UK rail industry and Hitachi Rail agree service recovery plan
With oversight from the UK’s Office of Rail and Road, Hitachi Rail, train operators and the government have agreed a service recovery plan to safely reintroduce more Class 800 Series and 385 Series trainsets into passenger service after cracks were found on some trains.
A service recovery plan has been announced that will allow for the phased reintroduction of more Class 800 Series and 385 Series Hitachi Rail trains, following the removal of some trains from service on 8 May 2021 as a precaution when cracks were found on the lifting points under some train carriages.
Following initial extensive safety checks on their trains, TransPennine Express (TPE), Hull Trains and ScotRail have already been able to operate services across all of their routes. But, after further rigorous safety checks involving the Office of Rail and Road’s (ORR) HM Railway Inspectorate, Great Western Railway (GWR) and London North Eastern Railway (LNER) will now begin reintroducing trains with a more regular service for passengers.
Service recovery plan
The service recovery plan follows joint work between Hitachi Rail, train operators and the regulator around the safe return to service of some trains. Since discovering the faults, Hitachi Rail engineers and independent experts have completed rigorous tests and research to gain a clearer understanding of the cracking issue.
Based on the work undertaken to understand the issue, and after extensive engagement, Hitachi Rail and train operators, working with the rail regulator, have put in place suitable criteria for the trains to meet before they can re-enter service.

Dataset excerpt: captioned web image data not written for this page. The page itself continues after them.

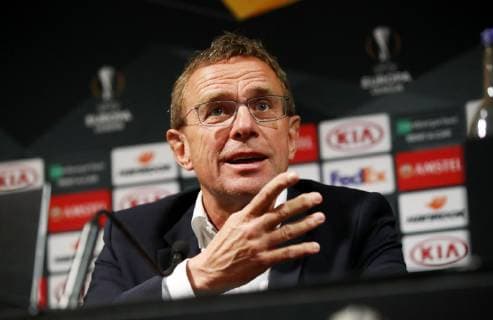 RB Leipzig PK Football Euro League Glasgow 07 11 2018 Celtic Park Football UEFA Europa League PK the day before the match Celtic FC Glasgow SCO vs RB Leipzig GER In the picture Ralf Rangnick RB Leipzig Head coach and sports director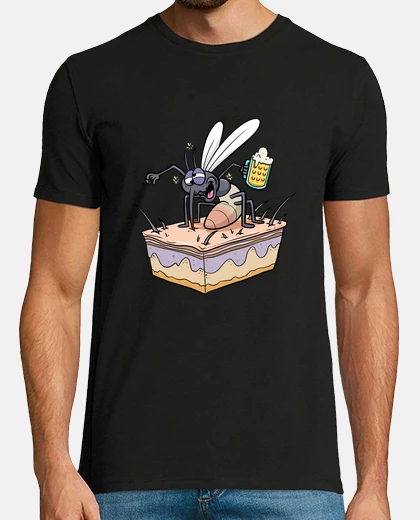 Camiseta insecto mosquito bebiendo cerveza mosquitos
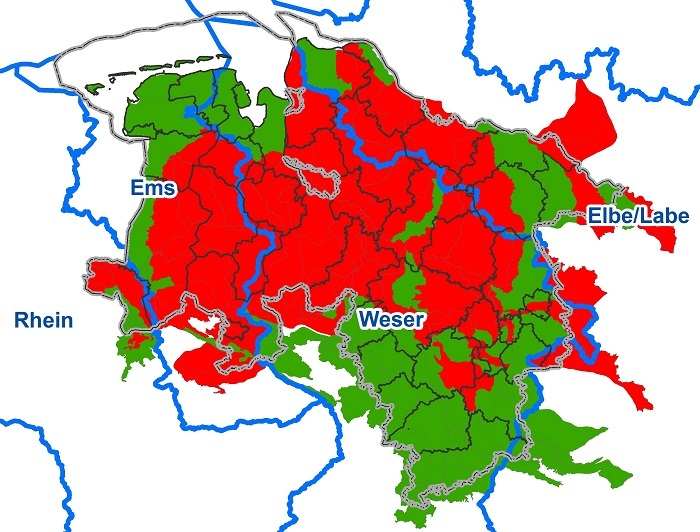 Chemischer Zustand der Grundwasserkörper in Niedersachsen 2015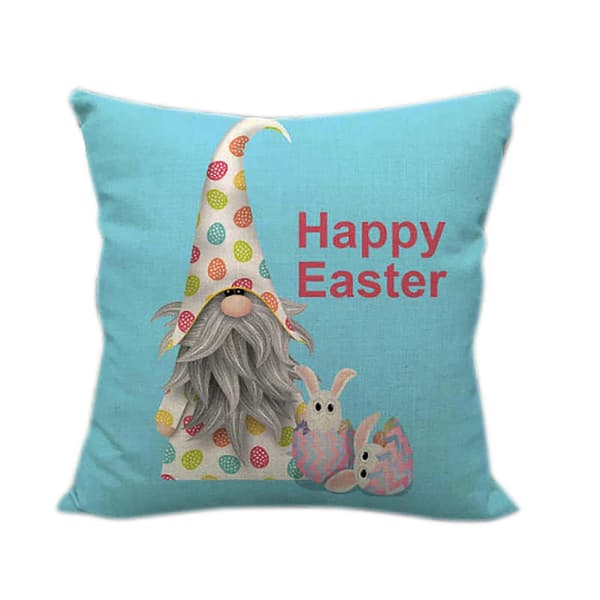 4 st Happy Rabbit Goblin Ägg Tryck Linne Påsk Kuddfodral Soffa Heminredning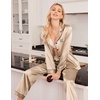 Ekouaer Women Satin Pajamas Set Classic Button Down Long Pjs Set(Khaki 02)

The service recovery plan includes thorough inspections by specialist teams before trains leave the depot. Trains will only re-enter service if they meet agreed safety criteria. Working with Hitachi Rail, the rail regulator will continue to carry out rigorous oversight to ensure robust processes are being followed.
Over time, trains will be subject to a Forward Repair Plan, which will ensure the long-term continued safe running of the fleet.
Andrew Barr, Group CEO of Hitachi Rail, said: “Today’s agreement sets out our joint plan for the phased reintroduction of our trains into service, which will continue to deliver the highest possible safety standards. Safety remains our number one priority, and we and our partners have worked round the clock to agree an approach that allows the return of trains to service where they have been deemed safe.”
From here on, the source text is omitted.